Alona Weimer is an organizer, educator, and graduate student living in Los Angeles, California.
Alona is a PhD Student in the Department of Comparative Literature at the University of California, Los Angeles, where she researches diasporic memory within Black and Jewish literary and political writing. Looking at the United States and Germany as sites to untangle the haunting afterlives of violence and the (im)possibility of repair, Alona is most interested in the rhetorical use of analogy, the theories and practices of reparations, and the mobilization of memory in social movements.

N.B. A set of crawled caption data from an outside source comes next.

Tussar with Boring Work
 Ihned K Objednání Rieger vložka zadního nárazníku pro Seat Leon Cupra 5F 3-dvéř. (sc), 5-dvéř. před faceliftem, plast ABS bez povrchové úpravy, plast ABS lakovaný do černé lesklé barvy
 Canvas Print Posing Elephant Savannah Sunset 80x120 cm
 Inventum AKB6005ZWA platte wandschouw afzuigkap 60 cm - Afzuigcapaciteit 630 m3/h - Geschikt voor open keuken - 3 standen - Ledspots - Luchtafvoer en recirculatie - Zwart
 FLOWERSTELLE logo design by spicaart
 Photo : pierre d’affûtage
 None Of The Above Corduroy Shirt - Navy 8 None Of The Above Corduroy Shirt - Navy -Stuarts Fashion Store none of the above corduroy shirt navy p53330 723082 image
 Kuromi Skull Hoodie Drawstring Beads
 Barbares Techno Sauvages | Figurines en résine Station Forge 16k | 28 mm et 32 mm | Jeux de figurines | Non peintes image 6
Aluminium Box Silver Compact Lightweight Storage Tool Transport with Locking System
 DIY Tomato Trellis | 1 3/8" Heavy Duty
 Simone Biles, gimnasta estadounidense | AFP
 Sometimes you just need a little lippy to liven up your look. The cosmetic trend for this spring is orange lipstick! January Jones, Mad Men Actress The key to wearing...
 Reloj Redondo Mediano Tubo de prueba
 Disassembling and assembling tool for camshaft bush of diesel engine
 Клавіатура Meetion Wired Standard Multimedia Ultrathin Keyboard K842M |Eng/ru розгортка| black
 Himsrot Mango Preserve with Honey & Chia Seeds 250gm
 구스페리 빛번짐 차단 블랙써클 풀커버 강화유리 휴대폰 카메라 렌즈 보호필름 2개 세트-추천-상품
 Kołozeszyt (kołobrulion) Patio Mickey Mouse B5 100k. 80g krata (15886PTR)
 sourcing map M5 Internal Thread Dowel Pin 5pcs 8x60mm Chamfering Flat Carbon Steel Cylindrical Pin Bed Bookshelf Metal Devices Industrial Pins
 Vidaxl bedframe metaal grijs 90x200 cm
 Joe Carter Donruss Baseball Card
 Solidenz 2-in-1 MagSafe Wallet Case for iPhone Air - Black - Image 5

Alona brings this learning into her organizing, where she weaves together commitments to redress racial violence, build communities of collective action, and live out a vibrant Jewish life. Alona finds her political home at Tzedek Lab and Kavod — sites of progressive Jewish organizing intervening against racism, antisemitism, and white supremacy. Alona is also a co-founder of the Liberatory Jewish Studies Network, where she is currently building a network of academic workers envisioning and cultivating the field of Jewish Studies beyond Zionism
Before beginning her PhD, Alona completed a masters degree in race and migration studies at Freie Universität Berlin, a fellowship studying talmudic texts at the Hadar Institute, and a Fulbright Grant teaching English in Chemnitz, Germany. Alona earned her BA in Black Studies at Brandeis University.